Wall to wall sunshine after a misty start. Off at 10, after watching one of our overnight neighbours leaving.
Hotel Boats Duke and Duchess heading north.
Derelict swing bridge at Wood Park Farm
Not BW cut-backs this time.
Cruising through the beautiful Warwickshire countryside (we left Staffordshire yesterday this side of Tamworth) the gentle breeze brought the sweet, musky scent of rapeseed pollen.
Grendon Dock, home of Narrowcraft, looks busy.

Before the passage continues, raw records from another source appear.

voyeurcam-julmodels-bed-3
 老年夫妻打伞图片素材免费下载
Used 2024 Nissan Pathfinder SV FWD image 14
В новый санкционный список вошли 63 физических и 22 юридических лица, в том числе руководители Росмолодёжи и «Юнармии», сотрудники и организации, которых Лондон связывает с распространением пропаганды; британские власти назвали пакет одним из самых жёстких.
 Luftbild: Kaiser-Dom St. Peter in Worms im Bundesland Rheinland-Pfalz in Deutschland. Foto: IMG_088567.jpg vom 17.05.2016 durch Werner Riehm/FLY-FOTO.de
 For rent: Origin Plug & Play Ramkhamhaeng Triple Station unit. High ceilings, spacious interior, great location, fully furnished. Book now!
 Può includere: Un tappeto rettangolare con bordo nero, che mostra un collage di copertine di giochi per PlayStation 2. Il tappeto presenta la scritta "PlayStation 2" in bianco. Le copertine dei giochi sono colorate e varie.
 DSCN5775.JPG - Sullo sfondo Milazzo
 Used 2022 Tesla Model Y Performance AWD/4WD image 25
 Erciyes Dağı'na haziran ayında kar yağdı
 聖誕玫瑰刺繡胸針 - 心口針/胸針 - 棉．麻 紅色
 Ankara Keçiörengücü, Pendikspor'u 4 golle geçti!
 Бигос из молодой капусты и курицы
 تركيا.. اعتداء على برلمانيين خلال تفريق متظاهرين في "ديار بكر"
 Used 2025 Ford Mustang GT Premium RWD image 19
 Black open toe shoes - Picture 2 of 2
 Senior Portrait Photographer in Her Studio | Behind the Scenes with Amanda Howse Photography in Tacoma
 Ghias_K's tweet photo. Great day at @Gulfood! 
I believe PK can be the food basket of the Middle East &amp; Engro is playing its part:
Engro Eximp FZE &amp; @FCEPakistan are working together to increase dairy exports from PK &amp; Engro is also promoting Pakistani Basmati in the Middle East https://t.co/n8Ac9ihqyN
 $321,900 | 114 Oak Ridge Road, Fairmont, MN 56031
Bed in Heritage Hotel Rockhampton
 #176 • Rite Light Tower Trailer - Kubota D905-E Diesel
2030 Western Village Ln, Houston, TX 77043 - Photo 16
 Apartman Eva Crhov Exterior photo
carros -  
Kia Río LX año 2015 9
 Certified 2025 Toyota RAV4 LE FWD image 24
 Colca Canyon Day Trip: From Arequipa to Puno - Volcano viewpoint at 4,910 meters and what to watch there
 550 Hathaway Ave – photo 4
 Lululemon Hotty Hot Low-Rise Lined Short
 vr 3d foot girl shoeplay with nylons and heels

Atherstone Locks was the main focus of the day. 11 locks, lifting the canal around 90 feet, starting in farmland, running through housing and finishing on the southern edge of this small town.
Into the flight, Lock 11
The flight is pretty and well maintained, though all the locks are slow to fill. Still, it does mean that there’s less chance of broken crockery! The resident lock keeper works from the cottage at the top of the flight, though we’ve never seen him about.
About half-way up
Baddesley Wharf, home of another boatbuilder of distinction, Barry Hawkins.
The disused side pond at lock 2 has been adopted as a moorhen nursery…
Rothens Coal Yard at the top lock
Another couple of very pleasant miles took us to Hartshill, where we pulled in just before the BW maintenance yard. It’s busier here than we expected, we just managed to get into the only boat sized slot left.Just visible over the top of Seyella is the clock tower at the yard, and to it's right is "Mount Judd", the conical spoil heap from Judkins Granite Quarry.
It’s been a fine, warm day. I was even able to dispense with my fleece pullover at noon, but had to put it on at the top of the flight. Forecast for the next couple of days is a bit grim, with wet and windy weather moving in. We’ll have to see what we’re going to do. We’re still well on schedule for Oxford in the middle of next month.